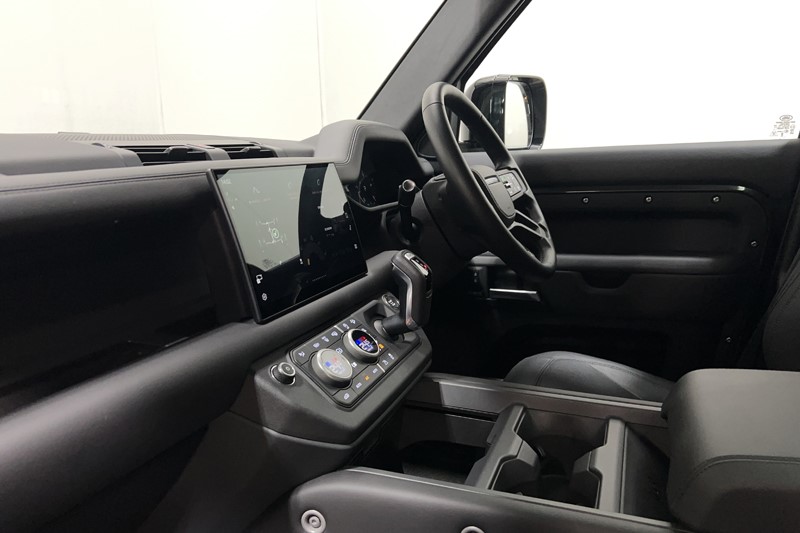 Used Land Rover Defender 2025 for sale - 77270938: Photo 40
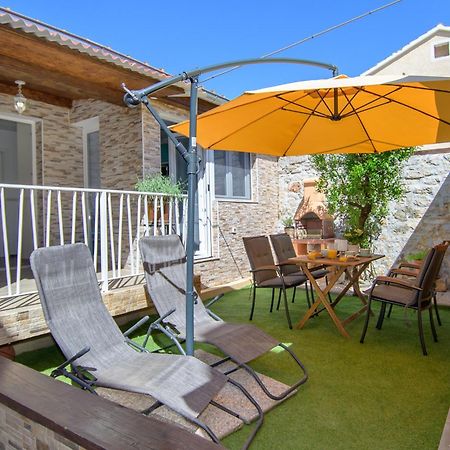 Apartman Dana Kastelir-Labinci Exterior foto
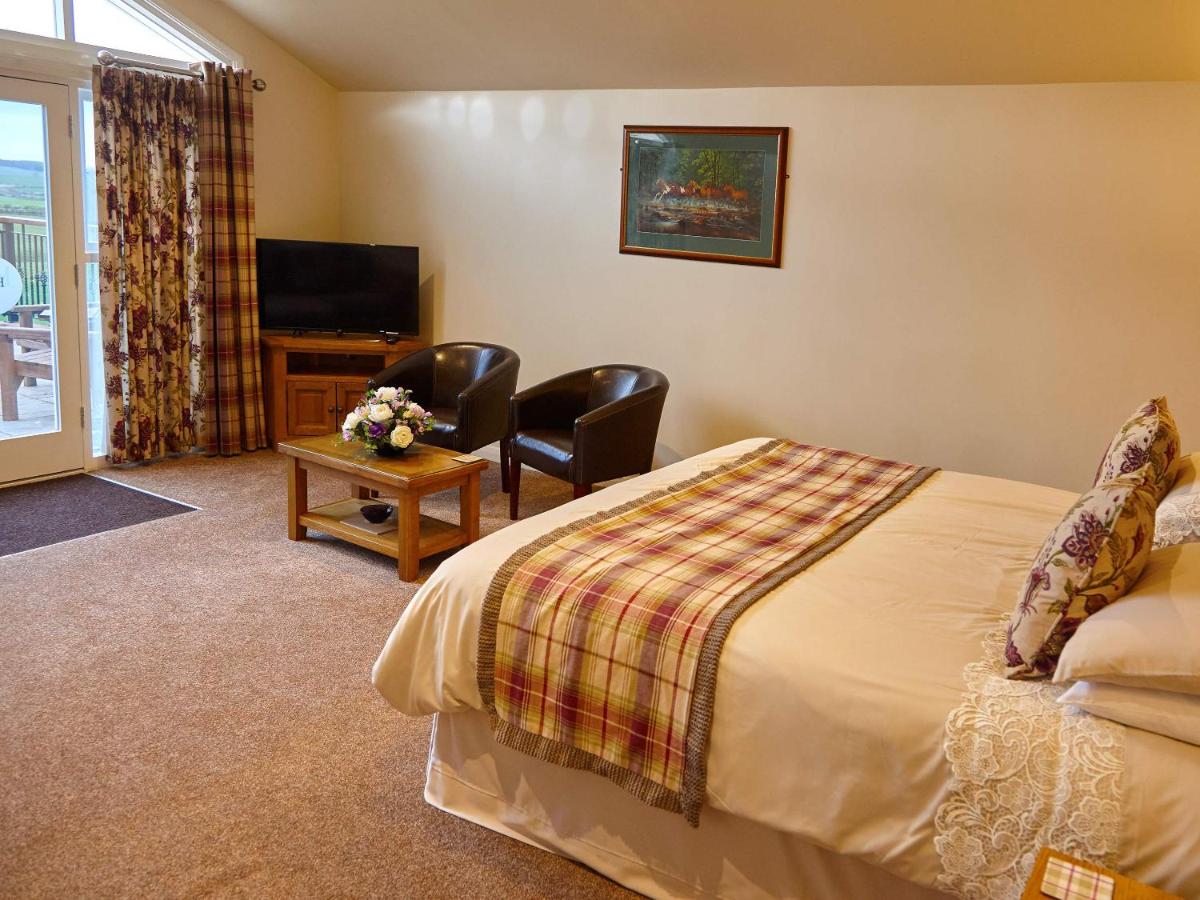 Hundith Hill Hotel - Housity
....................
-- Exercise --
Find the line with "Apartman Dana Kastelir-Labinci Exterior foto" in the listing and extract it and all lines after it through the end, exactly, without the pictures.

-- Answer box --
 Apartman Dana Kastelir-Labinci Exterior foto
 Hundith Hill Hotel - Housity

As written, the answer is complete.